- Born: 621 Bareq, Arabia
- Died: 698 Kufa, Iraq
- Occupation: Poet
- Writing career
- Language: Arabic
- Notable works: Poems on courage, philosophy of life, and battles

= Suraqah al-Bariqi =

Travel companion of Muhammad

Suraqah al-Bariqi (سراقة بن مرداس البارقي; died 698) was a companion of Muhammad and was a member of the Tribe Bariq. He was an Arab from Bareq in Arabian Peninsula, which was then part of the Umayyad caliphate. He is considered one of the greatest poets. Much of his poetry revolves around the philosophy of life. Some consider his poems to be a great representation of his life story. He started writing poetry when he was young. He is well known for his sharp intelligence and wittiness. Among the topics he discussed were courage, the philosophy of life, and the description of battles. His great talent brought him very close to many leaders of his time. He praised those leaders and kings. His powerful and honest poetic style earned great popularity in his time. He was a contemporary of the great trio, Akhtal, Farazdaq, and Jarir, whose names stand out so pre-eminently in the list of the Umayyad bards that all contemporary poets are thrown into the shade. Thus there is no article on our poet in the Kitab al-Aghani, and he would have passed quite unnoticed but for his taking part in the literary duel between Farazdaq and Jarir. He, too, joined in the fray with his sympathies for Farazdaq. The anecdotes relating to the Flyting which he and Jarir composed against each other, as narrated on the authority of Al-Hajjaj ibn Yusuf, will be found interesting.

== Lineage ==

His full name was Suraqah b. Mirdas b. Asmaa b. Khalid b. al-Harith b. Awf b. Amr b. Sa`d b. Thailbh b. Kinanah al-Bariqi Ibn Bariq Ibn Uday Ibn Haritha Ibn Amr Mazikiee Ibn Aamr bin Haritha Algtarif bin Imru al-Qais Thailb bin Mazen Ibn Al-Azd Ibn Al-Ghoth Ibn Nabit Ibn Malik bin Zaid Ibn Kahlan Ibn Saba'a (Sheba) Ibn Yashjub Ibn Yarab Ibn Qahtan Ibn Hud (Eber).

Asmaa b.

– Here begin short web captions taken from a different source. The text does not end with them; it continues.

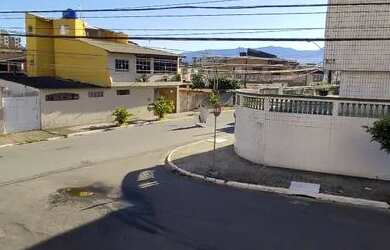 Imagem 5: Apartamento na Tupi. 56m² de Área, 1 Vaga na garageme1 Dormitório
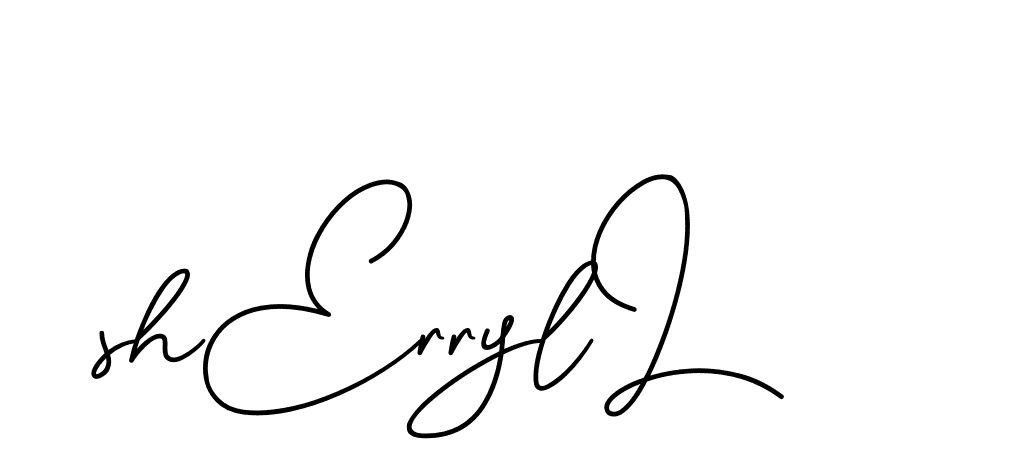 The best way (CinemathicVisualation-2OYgl) to make a short signature is to pick only two or three words in your name. The name Ceard include a total of six letters. For converting this name. Ceard signature style 2 images and pictures png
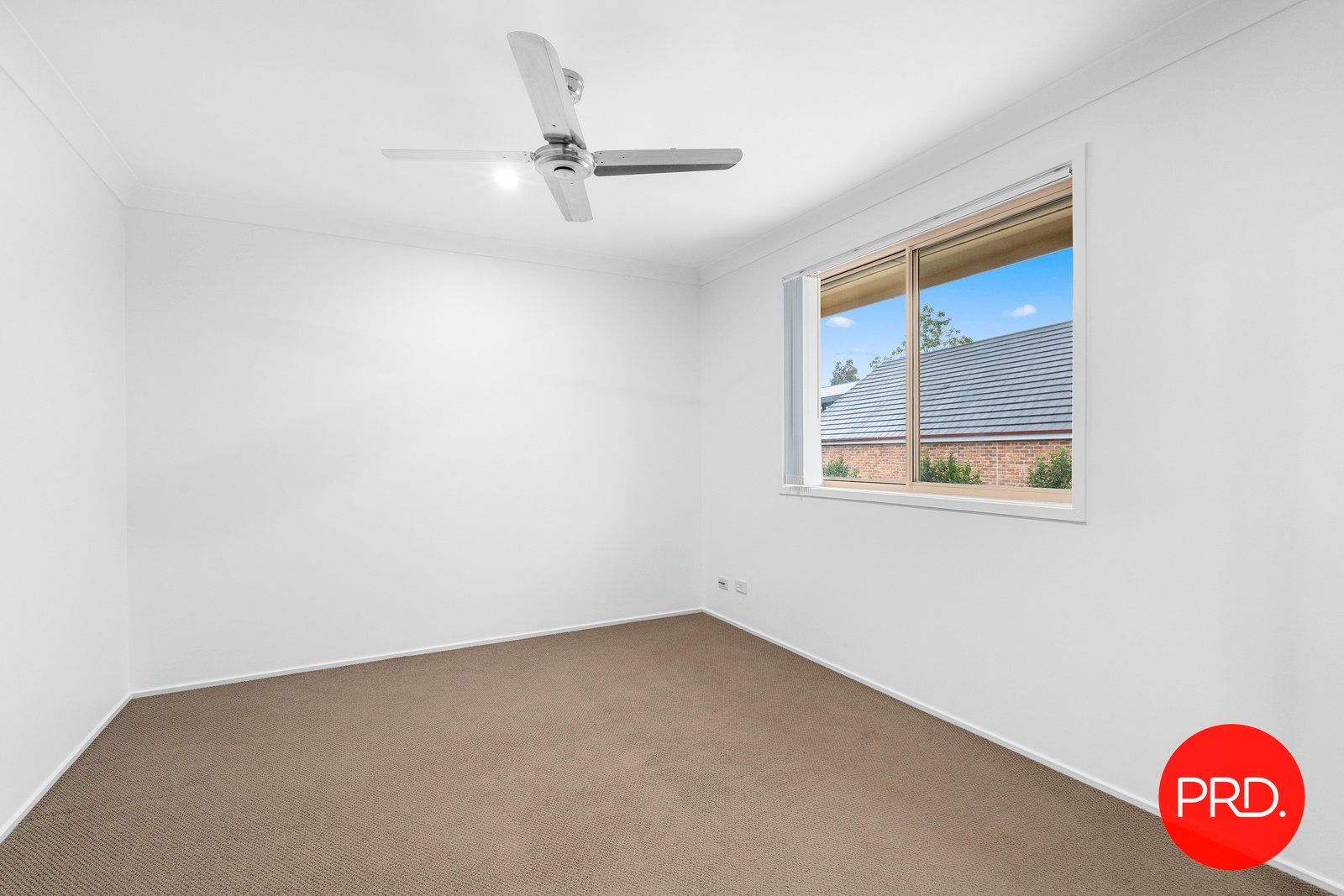 6/14 Pine Road CASULA 9
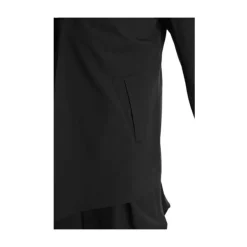 3R M1232 Jacket
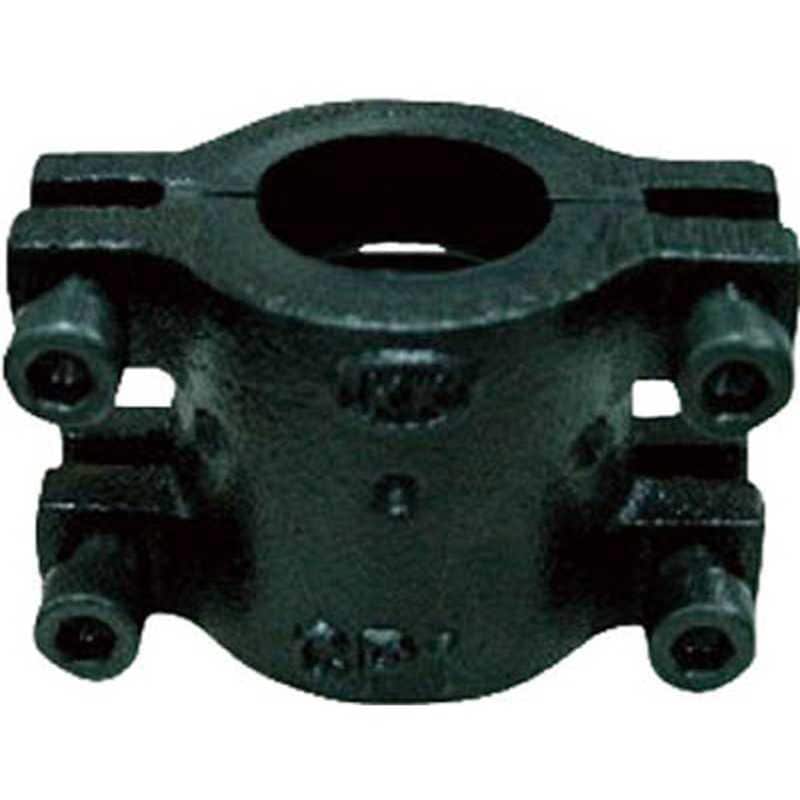 児玉工業　圧着ソケット銅管兼用型25A　CP25A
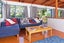 18 Scotts Terrace, Onetangi, Waiheke Island - Carousel 11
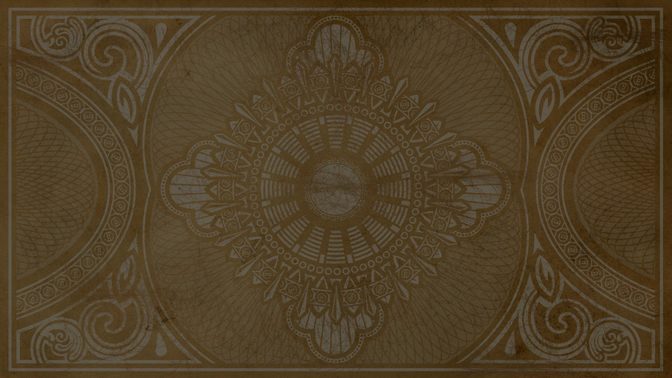 Ornate_Pattern_2_16x9.jpg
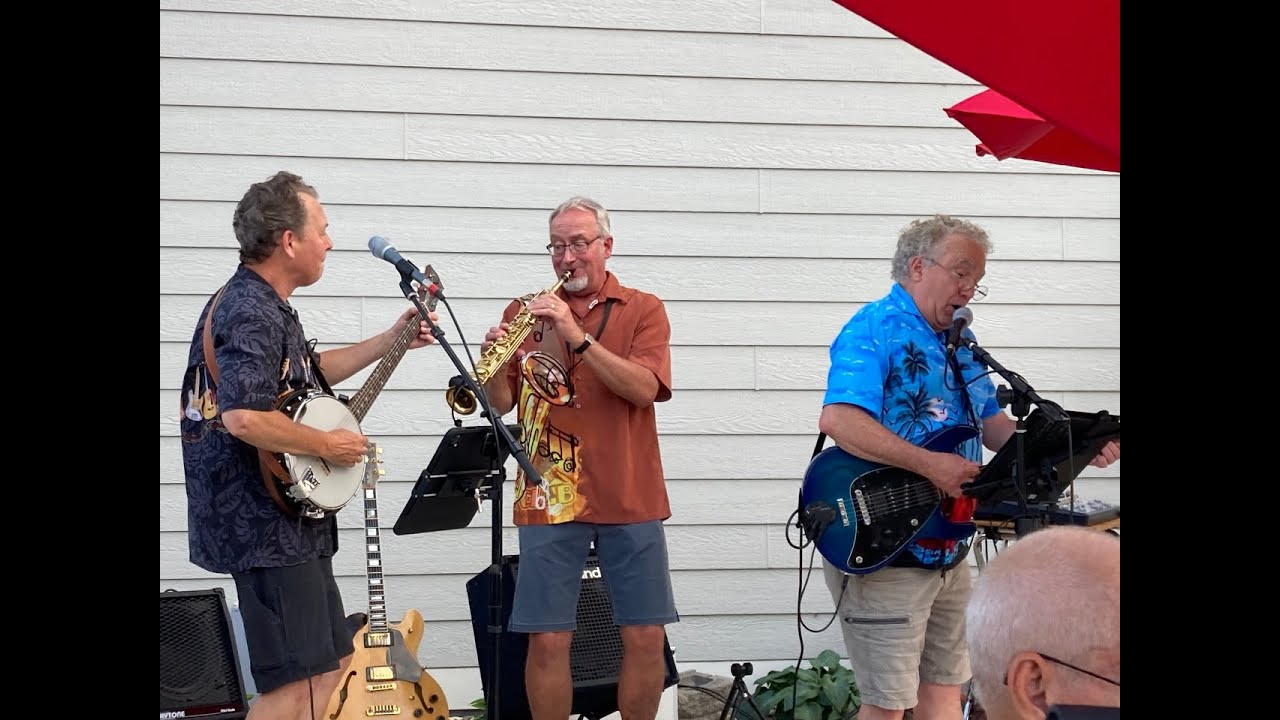 The Cheese Bots Don't Roll Those Bloodshot Eyes at Me YouTube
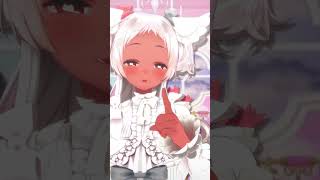 6/8 おかえり雑談配信 #個人勢vtuber  #vtuber  #おはようvtuber #3dvtuber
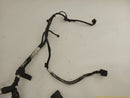 Land Rover Range Rover Engine Wire Harness-7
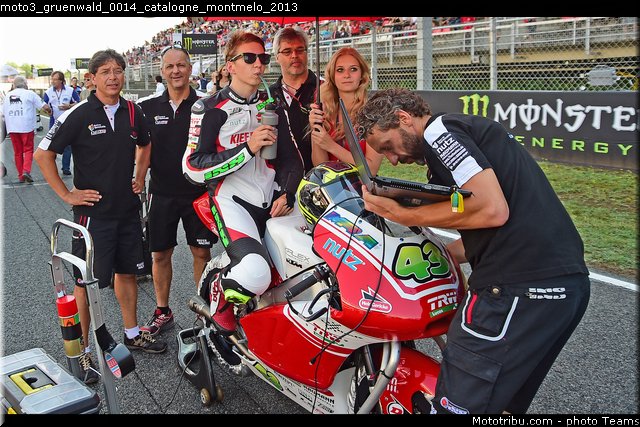 moto3_gruenwald_0014_catalogne_montmelo_2013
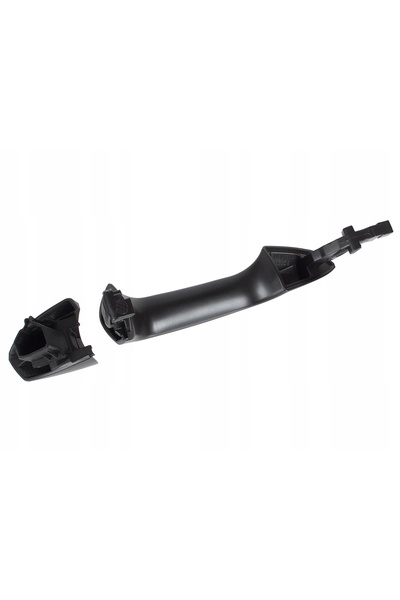 MODECAR Mercedes W176 W204 W212 W246 Mâner ușă față stânga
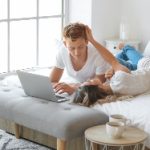 探索长清大学AJ体育生传送门的多元化发展 a17c648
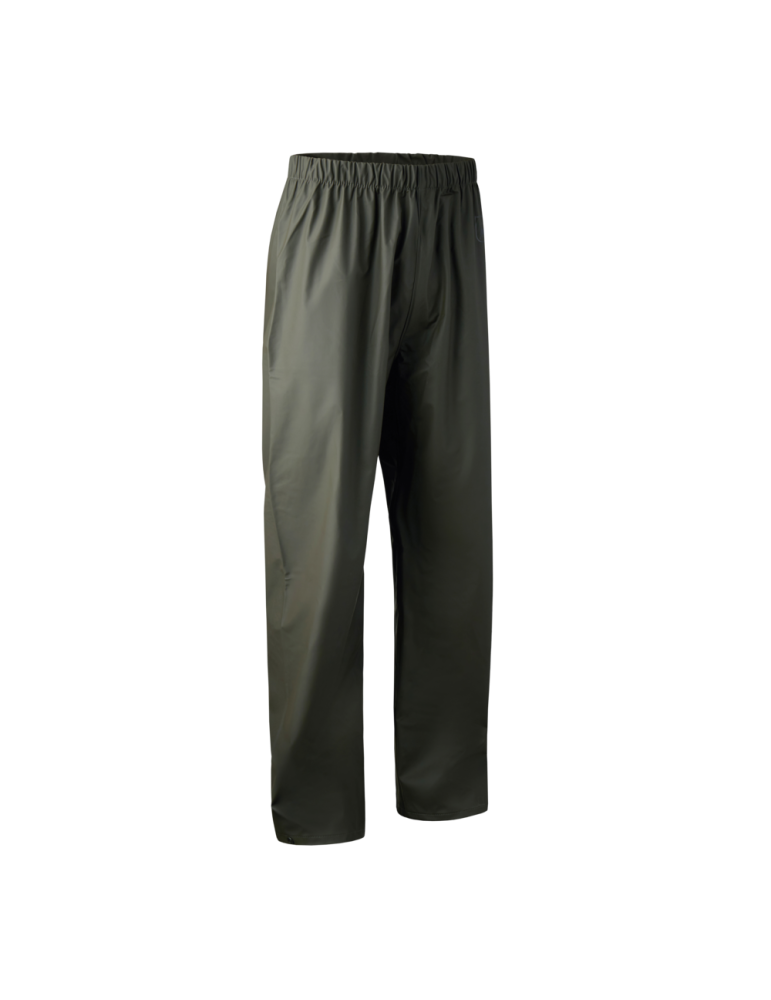 Pantalon Imperméable Deerhunter Hurricane TL – natusport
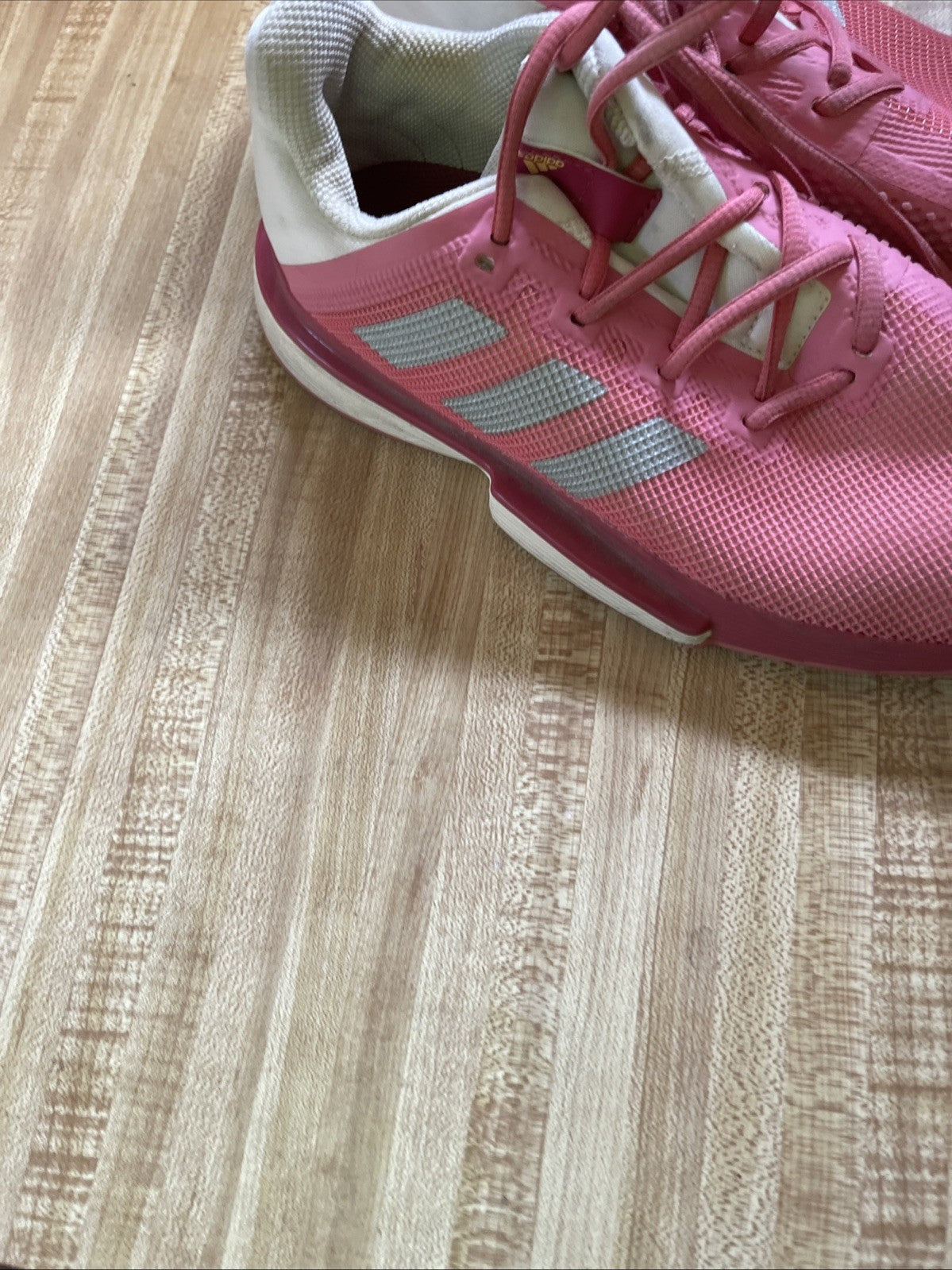 Adidas Sneakers Women’s 9.5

Khalid al-Bariqi (أسماء بن خالد بن عوف البارقي) was his grandfather.

== Suraqah & Jarir ==
It is said that Muhammad b. 'Umair b. 'Utârid al-Dârimî, a noble, offered four thousand dirhams and a horse to the poet who could compose a poem giving al-Farazdaq preference over Jarir. Of all poets Surâqah, who had already composed some invective upon Jarir, took up the challenge and produced a piece of lampoon which was carried to Jarîr, requiring him to make a reply forthwith. Jarir tried throughout the whole night but failed. At break of day, however, his poetical genius came to his aid and the sharp lampoon that this great poet then produced is said to have silenced Surâqah against Jarir once for all.